Activity:
What you return must be every line below that includes the word "http".

Exercise data:
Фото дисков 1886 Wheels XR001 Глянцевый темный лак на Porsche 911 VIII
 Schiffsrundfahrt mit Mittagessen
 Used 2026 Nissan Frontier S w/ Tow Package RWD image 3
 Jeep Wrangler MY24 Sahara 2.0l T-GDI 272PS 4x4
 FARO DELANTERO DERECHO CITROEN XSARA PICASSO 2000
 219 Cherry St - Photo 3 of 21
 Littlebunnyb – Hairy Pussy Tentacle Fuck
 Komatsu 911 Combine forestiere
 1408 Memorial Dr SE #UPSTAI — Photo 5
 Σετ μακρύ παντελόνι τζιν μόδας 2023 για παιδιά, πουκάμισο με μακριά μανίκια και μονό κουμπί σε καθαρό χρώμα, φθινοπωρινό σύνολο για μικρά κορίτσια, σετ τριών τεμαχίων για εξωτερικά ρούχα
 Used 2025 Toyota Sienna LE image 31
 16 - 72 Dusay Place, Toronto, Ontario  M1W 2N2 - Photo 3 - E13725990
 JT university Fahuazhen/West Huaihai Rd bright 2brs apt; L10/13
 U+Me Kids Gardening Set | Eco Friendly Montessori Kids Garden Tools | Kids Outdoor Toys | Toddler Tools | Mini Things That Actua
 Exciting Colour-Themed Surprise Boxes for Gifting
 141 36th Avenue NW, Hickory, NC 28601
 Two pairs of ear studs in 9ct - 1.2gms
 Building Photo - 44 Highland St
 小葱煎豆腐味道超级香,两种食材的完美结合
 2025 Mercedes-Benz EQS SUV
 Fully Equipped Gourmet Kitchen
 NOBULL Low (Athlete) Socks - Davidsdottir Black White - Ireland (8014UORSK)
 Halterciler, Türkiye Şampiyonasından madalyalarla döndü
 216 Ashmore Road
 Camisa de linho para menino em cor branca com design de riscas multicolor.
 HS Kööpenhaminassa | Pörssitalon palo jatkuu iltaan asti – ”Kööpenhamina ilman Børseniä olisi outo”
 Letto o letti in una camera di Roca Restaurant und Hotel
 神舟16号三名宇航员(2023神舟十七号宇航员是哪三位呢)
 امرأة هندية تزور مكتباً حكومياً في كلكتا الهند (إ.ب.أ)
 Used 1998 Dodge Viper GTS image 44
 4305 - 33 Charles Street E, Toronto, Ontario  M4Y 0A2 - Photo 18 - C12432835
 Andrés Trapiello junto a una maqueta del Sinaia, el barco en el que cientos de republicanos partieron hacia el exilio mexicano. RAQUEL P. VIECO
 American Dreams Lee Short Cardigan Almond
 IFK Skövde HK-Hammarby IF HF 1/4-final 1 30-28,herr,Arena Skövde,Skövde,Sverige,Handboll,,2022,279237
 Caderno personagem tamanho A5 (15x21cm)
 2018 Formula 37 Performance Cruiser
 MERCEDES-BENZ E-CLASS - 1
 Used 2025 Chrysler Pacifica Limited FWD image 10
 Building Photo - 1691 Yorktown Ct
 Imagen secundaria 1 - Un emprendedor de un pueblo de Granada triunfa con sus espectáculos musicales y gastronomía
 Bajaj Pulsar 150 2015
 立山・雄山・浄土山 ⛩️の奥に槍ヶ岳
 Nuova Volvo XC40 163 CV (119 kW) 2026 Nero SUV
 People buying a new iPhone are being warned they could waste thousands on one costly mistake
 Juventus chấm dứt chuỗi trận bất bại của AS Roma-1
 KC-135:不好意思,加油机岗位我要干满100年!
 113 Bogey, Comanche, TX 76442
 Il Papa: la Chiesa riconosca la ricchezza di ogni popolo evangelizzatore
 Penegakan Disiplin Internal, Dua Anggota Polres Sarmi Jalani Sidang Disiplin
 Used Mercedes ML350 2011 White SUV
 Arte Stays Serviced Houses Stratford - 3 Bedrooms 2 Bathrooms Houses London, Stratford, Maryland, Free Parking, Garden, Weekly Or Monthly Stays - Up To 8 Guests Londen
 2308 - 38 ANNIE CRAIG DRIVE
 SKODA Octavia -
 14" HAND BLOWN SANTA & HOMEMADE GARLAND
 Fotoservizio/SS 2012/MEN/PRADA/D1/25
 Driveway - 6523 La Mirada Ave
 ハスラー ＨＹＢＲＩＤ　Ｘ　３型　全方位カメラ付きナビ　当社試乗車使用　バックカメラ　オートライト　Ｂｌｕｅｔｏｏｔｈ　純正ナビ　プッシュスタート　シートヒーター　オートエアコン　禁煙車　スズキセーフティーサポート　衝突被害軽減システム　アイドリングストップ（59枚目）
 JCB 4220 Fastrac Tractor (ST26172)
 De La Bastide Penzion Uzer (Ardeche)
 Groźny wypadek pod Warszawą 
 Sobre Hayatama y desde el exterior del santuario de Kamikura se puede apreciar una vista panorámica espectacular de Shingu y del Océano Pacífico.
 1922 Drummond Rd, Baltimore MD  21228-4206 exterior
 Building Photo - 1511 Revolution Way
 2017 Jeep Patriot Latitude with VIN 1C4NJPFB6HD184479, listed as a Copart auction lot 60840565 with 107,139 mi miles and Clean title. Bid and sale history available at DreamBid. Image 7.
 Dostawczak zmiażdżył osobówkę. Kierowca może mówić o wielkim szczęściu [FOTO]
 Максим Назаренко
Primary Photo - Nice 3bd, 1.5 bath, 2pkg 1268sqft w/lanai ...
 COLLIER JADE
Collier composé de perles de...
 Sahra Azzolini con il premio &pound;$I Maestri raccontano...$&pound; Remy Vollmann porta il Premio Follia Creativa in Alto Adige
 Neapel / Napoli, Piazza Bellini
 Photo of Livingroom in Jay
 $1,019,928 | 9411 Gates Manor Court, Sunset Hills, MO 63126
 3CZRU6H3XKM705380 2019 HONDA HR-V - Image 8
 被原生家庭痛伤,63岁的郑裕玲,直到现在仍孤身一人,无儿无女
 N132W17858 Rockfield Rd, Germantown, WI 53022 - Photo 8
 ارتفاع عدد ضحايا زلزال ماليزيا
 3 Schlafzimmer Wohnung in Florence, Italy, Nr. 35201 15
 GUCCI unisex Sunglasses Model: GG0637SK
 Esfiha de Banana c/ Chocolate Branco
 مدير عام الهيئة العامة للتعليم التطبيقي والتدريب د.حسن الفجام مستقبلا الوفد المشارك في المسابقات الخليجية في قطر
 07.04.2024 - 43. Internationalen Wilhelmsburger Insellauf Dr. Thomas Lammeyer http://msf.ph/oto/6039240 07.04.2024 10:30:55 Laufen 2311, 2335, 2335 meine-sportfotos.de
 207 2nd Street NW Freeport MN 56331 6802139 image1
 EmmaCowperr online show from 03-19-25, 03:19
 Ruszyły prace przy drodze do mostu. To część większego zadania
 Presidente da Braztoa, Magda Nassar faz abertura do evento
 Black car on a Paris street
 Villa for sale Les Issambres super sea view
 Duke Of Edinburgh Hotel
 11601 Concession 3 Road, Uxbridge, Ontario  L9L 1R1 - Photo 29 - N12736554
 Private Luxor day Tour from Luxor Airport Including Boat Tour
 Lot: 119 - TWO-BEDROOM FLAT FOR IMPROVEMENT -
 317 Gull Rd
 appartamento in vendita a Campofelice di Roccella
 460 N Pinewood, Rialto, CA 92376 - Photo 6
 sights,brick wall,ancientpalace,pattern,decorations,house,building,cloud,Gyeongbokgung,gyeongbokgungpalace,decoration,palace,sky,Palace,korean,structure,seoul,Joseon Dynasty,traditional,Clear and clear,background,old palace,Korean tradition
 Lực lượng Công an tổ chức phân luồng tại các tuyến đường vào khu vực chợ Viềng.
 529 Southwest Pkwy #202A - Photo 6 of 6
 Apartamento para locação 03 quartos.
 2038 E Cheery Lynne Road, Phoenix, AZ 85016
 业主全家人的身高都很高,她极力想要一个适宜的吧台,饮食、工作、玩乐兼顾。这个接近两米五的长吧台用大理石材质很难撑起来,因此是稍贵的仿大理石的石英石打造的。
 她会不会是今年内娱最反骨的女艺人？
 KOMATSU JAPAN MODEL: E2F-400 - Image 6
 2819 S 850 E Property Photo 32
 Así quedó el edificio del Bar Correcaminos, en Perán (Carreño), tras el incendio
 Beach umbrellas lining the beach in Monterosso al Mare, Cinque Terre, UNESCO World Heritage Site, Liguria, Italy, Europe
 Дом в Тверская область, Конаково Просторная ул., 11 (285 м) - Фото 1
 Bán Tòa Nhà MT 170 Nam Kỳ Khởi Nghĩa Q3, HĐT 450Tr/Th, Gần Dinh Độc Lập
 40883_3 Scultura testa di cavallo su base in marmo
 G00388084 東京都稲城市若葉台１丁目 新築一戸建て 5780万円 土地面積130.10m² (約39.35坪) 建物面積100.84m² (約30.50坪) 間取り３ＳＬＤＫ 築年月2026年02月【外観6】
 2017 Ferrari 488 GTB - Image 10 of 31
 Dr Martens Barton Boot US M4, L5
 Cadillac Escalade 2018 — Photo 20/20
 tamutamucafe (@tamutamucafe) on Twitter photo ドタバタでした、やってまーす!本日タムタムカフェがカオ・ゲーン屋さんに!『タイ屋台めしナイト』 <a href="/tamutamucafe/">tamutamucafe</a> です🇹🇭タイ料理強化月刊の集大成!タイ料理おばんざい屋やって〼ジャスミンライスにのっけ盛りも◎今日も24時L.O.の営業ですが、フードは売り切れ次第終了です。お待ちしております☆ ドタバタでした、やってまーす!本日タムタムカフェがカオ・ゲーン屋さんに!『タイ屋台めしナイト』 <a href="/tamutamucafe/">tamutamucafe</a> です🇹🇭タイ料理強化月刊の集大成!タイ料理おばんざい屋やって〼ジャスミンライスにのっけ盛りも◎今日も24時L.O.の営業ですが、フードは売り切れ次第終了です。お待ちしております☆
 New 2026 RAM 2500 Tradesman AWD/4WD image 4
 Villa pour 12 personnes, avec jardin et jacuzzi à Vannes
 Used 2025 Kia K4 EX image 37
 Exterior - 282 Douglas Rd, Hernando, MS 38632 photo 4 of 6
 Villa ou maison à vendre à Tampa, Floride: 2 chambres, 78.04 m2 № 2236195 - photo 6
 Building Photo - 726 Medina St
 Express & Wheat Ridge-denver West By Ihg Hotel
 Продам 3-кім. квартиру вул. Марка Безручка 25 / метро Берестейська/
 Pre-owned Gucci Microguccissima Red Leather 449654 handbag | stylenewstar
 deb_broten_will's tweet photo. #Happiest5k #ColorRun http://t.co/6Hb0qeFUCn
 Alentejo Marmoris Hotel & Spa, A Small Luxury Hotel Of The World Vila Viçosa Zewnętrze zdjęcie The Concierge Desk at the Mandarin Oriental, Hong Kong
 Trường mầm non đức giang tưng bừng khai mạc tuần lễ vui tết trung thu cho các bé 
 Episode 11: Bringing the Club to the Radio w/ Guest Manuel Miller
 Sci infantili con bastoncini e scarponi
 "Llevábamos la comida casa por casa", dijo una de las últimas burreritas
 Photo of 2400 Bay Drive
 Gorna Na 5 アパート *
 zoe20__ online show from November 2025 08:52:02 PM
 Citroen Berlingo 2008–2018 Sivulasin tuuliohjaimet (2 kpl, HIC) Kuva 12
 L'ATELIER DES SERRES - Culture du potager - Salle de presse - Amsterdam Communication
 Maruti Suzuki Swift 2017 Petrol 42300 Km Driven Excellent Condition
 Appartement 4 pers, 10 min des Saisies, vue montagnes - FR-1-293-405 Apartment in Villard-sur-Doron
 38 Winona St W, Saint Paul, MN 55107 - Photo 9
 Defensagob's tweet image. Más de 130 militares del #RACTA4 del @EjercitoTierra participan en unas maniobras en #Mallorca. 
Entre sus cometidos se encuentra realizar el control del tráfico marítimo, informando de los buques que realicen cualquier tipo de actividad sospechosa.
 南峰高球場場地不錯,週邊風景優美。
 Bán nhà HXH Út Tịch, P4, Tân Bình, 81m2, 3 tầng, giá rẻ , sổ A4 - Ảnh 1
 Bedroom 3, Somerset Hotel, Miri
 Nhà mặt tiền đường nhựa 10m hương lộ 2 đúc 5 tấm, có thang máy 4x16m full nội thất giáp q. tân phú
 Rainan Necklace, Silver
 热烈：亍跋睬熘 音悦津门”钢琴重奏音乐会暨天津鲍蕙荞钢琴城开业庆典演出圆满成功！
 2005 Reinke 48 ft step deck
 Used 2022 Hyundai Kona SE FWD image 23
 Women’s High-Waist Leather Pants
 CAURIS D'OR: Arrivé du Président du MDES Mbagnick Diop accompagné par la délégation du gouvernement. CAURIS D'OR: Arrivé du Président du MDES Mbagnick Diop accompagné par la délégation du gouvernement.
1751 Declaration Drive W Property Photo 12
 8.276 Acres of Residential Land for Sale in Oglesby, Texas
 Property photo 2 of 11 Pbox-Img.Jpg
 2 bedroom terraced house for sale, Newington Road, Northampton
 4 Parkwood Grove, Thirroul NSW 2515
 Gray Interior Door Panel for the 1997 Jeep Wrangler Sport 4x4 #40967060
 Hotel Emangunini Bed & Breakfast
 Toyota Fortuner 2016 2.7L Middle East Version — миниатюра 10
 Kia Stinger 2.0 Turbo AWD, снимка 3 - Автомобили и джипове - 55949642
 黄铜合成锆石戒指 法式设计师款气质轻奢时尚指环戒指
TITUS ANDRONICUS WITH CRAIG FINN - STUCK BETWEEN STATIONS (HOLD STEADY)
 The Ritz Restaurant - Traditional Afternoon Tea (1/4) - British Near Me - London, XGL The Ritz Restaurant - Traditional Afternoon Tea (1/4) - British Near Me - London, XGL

Response to the exercise:
 07.04.2024 - 43. Internationalen Wilhelmsburger Insellauf Dr. Thomas Lammeyer http://msf.ph/oto/6039240 07.04.2024 10:30:55 Laufen 2311, 2335, 2335 meine-sportfotos.de
 deb_broten_will's tweet photo. #Happiest5k #ColorRun http://t.co/6Hb0qeFUCn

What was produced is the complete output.